A proposal before the Pentagon calls for a new $42 million Armed Forces Reserve Center at the Navy base. The 209,000-square-foot complex with classrooms, offices and meeting spaces would be the first center of its kind in Maine.

“We got involved because we have aging armories,” said Gen. John Libby, who commands the Maine National Guard. “And it makes good fiscal sense.”

The plan would consolidate units from several 1950s-era armories in Westbrook, Portland and South Portland under one roof. And it would be on the federal government’s dime.

The reason is a drive within the Pentagon to create “joint use” facilities, crossing the once impenetrable lines between the Army, Navy and Air Force. And it would be done on federal land.

Were the center to be built anywhere else, the state would be responsible for paying 25 percent of the cost. This way, Washington is responsible for the whole bill, both for the construction and maintenance of the property.

“This could relieve the burden on state government,” Libby said. Meanwhile, the state could sell the armories, using the proceeds to pay for college tuition for a few guard members or other costs.

The joint center concept has been developing for about a year.

Ideally, the Guard hoped to locate somewhere closer to the Portland-area armories it would replace, said Donovan Lajoie, director of facilities engineering for the Maine Army National Guard.

There was no available Portland-area federal land. However, Brunswick was close enough, had available property, and would accentuate the joint-use role.

The change would not affect Guard members who are on active duty. For those doing their one-weekend-per-month duty, it would mean serving the time in Brunswick.

It’s a proposal that Capt. Robert Winneg, commanding officer of the Brunswick base, took up the Navy chain of command.

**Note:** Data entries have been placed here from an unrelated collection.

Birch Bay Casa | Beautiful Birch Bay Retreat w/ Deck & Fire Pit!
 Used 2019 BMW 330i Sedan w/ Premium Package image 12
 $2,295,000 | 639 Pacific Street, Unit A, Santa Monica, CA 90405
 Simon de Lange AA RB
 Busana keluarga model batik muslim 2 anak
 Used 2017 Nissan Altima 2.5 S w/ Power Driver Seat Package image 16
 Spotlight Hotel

The Navy has since given its preliminary approval.

“We’ve got the green light,” Winneg said Wednesday.

If the project gets funded, the complex would be built not far from the base’s main gate, adjacent to a group of Seabees: Mobile Construction Battalion 27.

It would be a reasonable location, particularly since the units from Stroudwater Avenue in Westbrook and Stevens Avenue in Portland are part of the 133rd Engineer Battalion.

Currently deployed to Iraq, the 133rd does many of the same kinds of duties that Seabees do.

Both Libby and Winneg hope the groups might train together and learn from each other. As people from the 133rd have certainly learned, much of the military’s work in a war zone is cooperative.

In addition, the proposal calls for the Maine Air National Guard station in South Portland and the Marine Corps Reserve unit in Topsham to move to the new complex.

If built as proposed, the center would be almost as large as Auburn’s Wal-Mart Supercenter. Its placement within the base – behind a perimeter of fences and guards – would make it safer than any armory in Maine

The funds to pay for the center will likely be part of the 2007 or 2008 National Guard budget requests, Lajoie said. However, the project could be expedited with enough congressional pressure. Maine’s delegation is working to get the project into an earlier budget.

The concept is also being used by base supporters as another justification for its survival. Brunswick is under increasing scrutiny as the next round of base closures looms.

It’s an issue that Winneg is prohibited from talking about. Not so for Libby.

“I think it makes the base stronger,” he said. “That’s good for Maine.”